Investment Thesis
On Tuesday, I reviewed the Vanguard Small Cap Value ETF (VIOV) and concluded that due to weak profitability metrics, it was not the best choice for investors looking to diversify by size. Today, I want to discuss the Avantis U.S. Small Cap Value ETF (NYSEARCA:AVUV), an actively managed and substantially stronger choice fundamentally. As I will highlight below, AVUV has nearly twice the ROE as the market-cap-weighted VIOV and a sector-adjusted profit score near the top of its category. Results are good, too, with AVUV’s four-year total returns miles ahead of 16/17 other small-cap value options. Therefore, I’ve reiterated my “buy” rating on AVUV but still encourage long-term investors to prioritize profitability, which may mean exiting small-cap value ETFs altogether.
AVUV Overview
Strategy Discussion
According to its prospectus, AVUV uses a proprietary approach to select small-cap stocks with high profitability ratios trading at low valuations. Examples of the screens used include a company’s reported and estimated book values and cash flow from operations, with “profitability” defined as adjusted cash from operations to book value. The principal value characteristic is adjusted book/price, and managers also consider past performance, liquidity, float, tax, governance, and overall diversification when designing the fund.
AVUV managers also operate with high conviction, as evidenced by a consistently low portfolio turnover rate of just 7% for the year ending August 31, 2023. As an analyst, this gives me confidence the holdings won’t change dramatically, and the factors I will emphasize shortly accurately reflect the managers’ styles.
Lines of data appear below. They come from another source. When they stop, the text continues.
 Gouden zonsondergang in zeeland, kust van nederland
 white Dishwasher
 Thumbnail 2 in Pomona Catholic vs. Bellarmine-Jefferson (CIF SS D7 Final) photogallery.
Fund Basics and Alternatives
The following Seeking Alpha table highlights some of AVUV’s statistics, like its 0.25% expense ratio and $6.6 billion in assets under management. I also included the Vanguard Small Cap 600 Value ETF (VIOV), the iShares Russell 2000 Value ETF (IWN), and the Dimensional U.S. Targeted Value ETF (DFAT) as alternatives. VIOV and IWN follow a market-cap-weighting scheme, while DFAT is actively managed like AVUV.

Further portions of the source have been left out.